Attached garage?  I would assume if attic access hatch in garage then there is a wall between garage attic and house, covered with 1/2" (min) gwb. Essentially garage and it's attic is separated from the house through to roof.  That is what I interpret code to require.

I can't see anything not to code in the low vent and high exhaust fan.


----------



## Lipets (Jul 2, 2022)

No all the attics in the development are not seperated.


----------



## bill1952 (Jul 2, 2022)

Well, I thought that was required. Maybe there is a way around that. Is garage ceiling 5/8 drywall? If so, I thought the hatch would not be allowed.


----------



## Lipets (Jul 2, 2022)

all the homes have a hatch to a storage deck over garage


----------



## ICE (Jul 2, 2022)

What year was the home built?


----------



## Lipets (Jul 3, 2022)

they are all the same for last ten years with this design


----------



## TheCommish (Jul 3, 2022)

Your neighbors house? Their problem not yours, stay in your lane.


----------



## Lipets (Jul 3, 2022)

ok so his house burns and takes mine with it, that was so unhelp full


----------



## bill1952 (Jul 3, 2022)

As best as I can tell from information presented,  both your house and your neighbors house do not comply with code because ther is not a layer of drywall on the garage side of the the wall (or wall and garage ceiling) between them, ground to roof. At least the hatch compromises that little bit of protection.

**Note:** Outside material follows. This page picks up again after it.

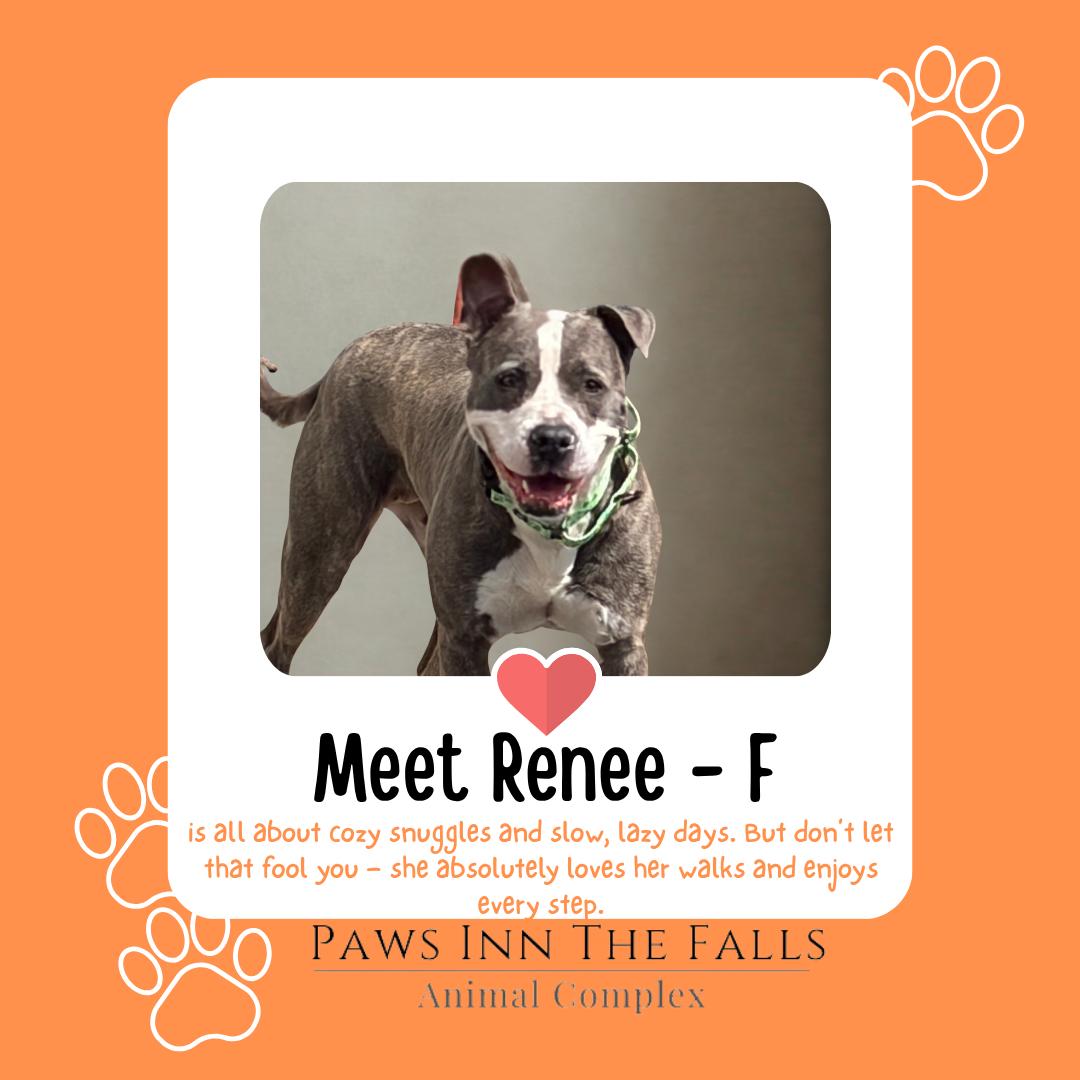 Renee, adopted, Young Female Pit Bull Terrier.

If a fire started in their garage, it's going to find oxygen with or without the vents and fans.  Maybe they would speed up growth a teeny bit, but they also might keep garage tenable for a minute or two longer. I don't to think they would be make much difference.

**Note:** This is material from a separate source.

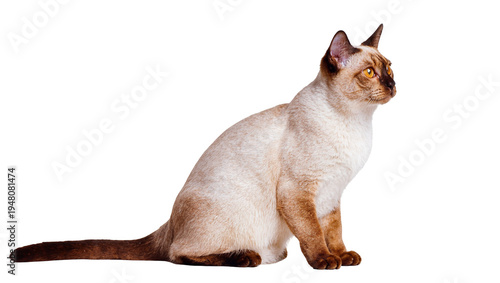 Canvastavla Isolated elegant cream-colored Tonkinese cat sitting in profile, looking attenti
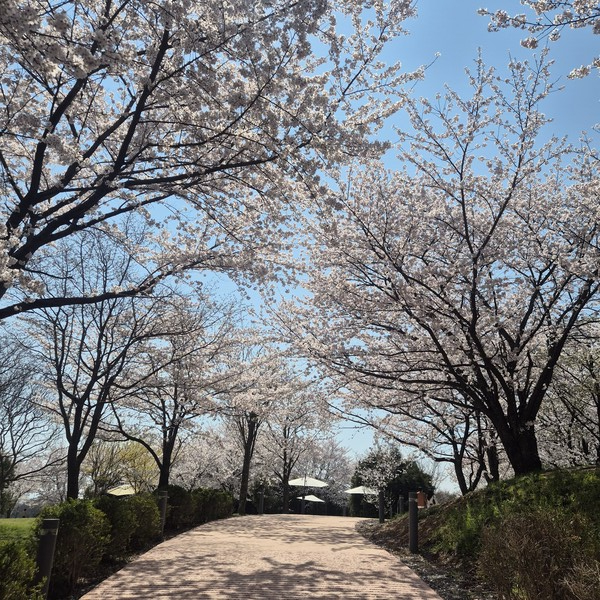 (사진_김진석 기자)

Now, if he's barbecuing in his garage or deep frying a turkey - a classic every Thanksgiving - watch out.


----------



## ICE (Jul 3, 2022)

It depends on the way code was interpreted when the house was built.  There has been a typical requirement for 5/8" type X drywall on the garage side of the wall between the house and garage.  That separation was supposed to extend through the attic to the roof sheathing. However, the lid in a garage could be covered with 5/8" type X along with the walls that support the lid and achieve the same result as a separation extending through the attic.

Some jurisdictions would not allow an access through a protected lid.  Other jurisdictions would allow an access as long as it was 5/8" type X drywall.

Code has changed and the wall between the house/attic and garage now requires 1/2 drywall.


----------



## TheCommish (Jul 4, 2022)

Lipets said:


> ok so his house burns and takes mine with it, that was so unhelp full


The chance of the neghbor house burning your house down are the same with or without the vents and fans.


----------